A depressão é uma doença psiquiátrica crônica classificada como transtorno de humor e caracterizada por sintomas como tristeza profunda e por tempo prolongado, associada a sentimentos de dor, desesperança, culpa, baixa autoestima, entre outros, assim como a distúrbios do sono e do apetite. A depressão ainda pode aparecer como sintoma de outro quadro, como demência, alcoolismo, esquizofrenia, entre outros, e também como resposta a situações estressantes, vulnerabilidades sociais e econômicas; o sintoma pode desaparecer dependendo das situações. No cérebro, desequilíbrios químicos são notados em exames de imagem e esses afetam diversas áreas responsáveis ou que se envolvem diretamente com o humor, prazer, apetite, memória, libido, disposição.
Para que alguém seja diagnosticado com depressão é preciso levar em conta os sintomas psíquicos, fisiológicos e as evidências no comportamento. Um dos sintomas que mais são valorizados é perda de prazer em atividades e a redução de interesse pelos ambientes em que frequenta.

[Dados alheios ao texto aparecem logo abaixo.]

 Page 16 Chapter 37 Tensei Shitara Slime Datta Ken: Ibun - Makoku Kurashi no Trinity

Esse foi um dos sintomas sentidos por Adriano, mas não só ele. Nos últimos tempos, diversos jogadores têm falado sobre depressão e ansiedade nas grandes mídias. Mertesacker, ex-zagueiro alemão campeão do mundo, deu uma entrevista em 2018 e disse que se sentiu aliviado com a eliminação da Alemanha na Copa de 2006, porque assim estava livre da enorme pressão que o consumia e o fazia ter vontade de vomitar em dias de jogos.
Thiago Silva, Buffon, Tévez, Adriano, Cicinho e Nilmar – esse último também se afastou do futebol por não sentir mais desejo de treinar e jogar, além de sofrer com outros sintomas.

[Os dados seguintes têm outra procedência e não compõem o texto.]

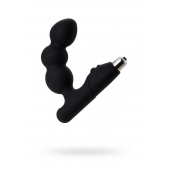 Чёрный вибростимулятор простаты Erotist - Erotist Adult Toys - в Находке купить с доставкой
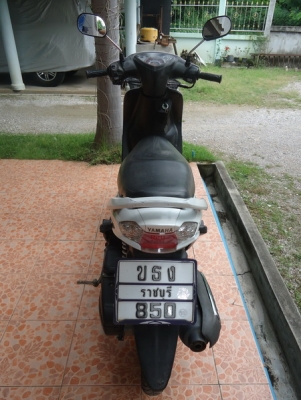 ขาย Yamaha Mio จดปี49 เอกสาารชุดโอนครบ เดิมๆทั้งคัน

“Quem viveu isso sabe o que eu estou contando. Eu só chorava. Todos os sintomas que vocês puderem pesquisar, eu vivi; insônia, eu não conseguia dormir […] Você não consegue sair, por mais que você lute, mais triste você fica, mais angústia… Só quem enfrentou, quem viveu próximo a isso, e o atleta profissional tem essa imagem de ser um super-herói.”
– Nilmar em entrevista ao Esporte Espetacular
A Federação Internacional dos Futebolistas Profissionais (FIFPro) realizou uma pesquisa há 5 anos (2016) sobre saúde mental de jogadores profissionais e o resultado foi alarmante: até 9 de 25 atletas podem sofrer com ansiedade, depressão e angustias profundas. Ainda segundo a pesquisa, 95% acreditam que os sintomas interferem no desempenho, 65% disseram sentir que a carreira já foi prejudicada por isso e 84% afirmaram não terem suporte adequado.

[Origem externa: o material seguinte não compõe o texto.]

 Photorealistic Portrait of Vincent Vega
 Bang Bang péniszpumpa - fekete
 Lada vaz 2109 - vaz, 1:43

As informações acima estão traduzidas em português neste gráfico:
Em estudo mais recente, já durante a pandemia de coronavírus, a FIFPro constatou um aumento no número de atletas (homens e mulheres) com sintomas de depressão e/ou ansiedade.
As discussões sobre depressão e ansiedade e a importância do cuidado com a saúde mental dos atletas estão crescendo e, cada vez mais, as pessoas parecem se dar conta de que não é possível fazer futebol sem estar bem psicologicamente, além de entenderem que o esporte de alto rendimento é uma enorme fonte estressora e com forte potencial adoecedor para quem vive imerso nele – o sucesso, a fama e a grana não são garantia de que estarão imunes à problemas psicológicos, às vezes atuam, inclusive, como agravantes. Para os jovens que estão nas categorias de base, por exemplo, o contato com profissionais de Psicologia e garantido pela Lei Pelé (9.615/98). No futebol profissional, a presença de psicólogas e psicólogos nos grupos ainda não é tão bem vista por alguns dirigentes e treinadores; por outro lado, muitos clubes já contam com o trabalho desses profissionais.
Sobre o tratamento da depressão, a psicoterapia é constantemente indicada e, a depender do caso, o uso de medicamentos também se fará necessário, mas apenas com orientação profissional. Adriano, Nilmar e outros jogadores que passaram por situações semelhantes já destacaram como psicólogos os ajudaram a se reerguer e superar momentos complicados.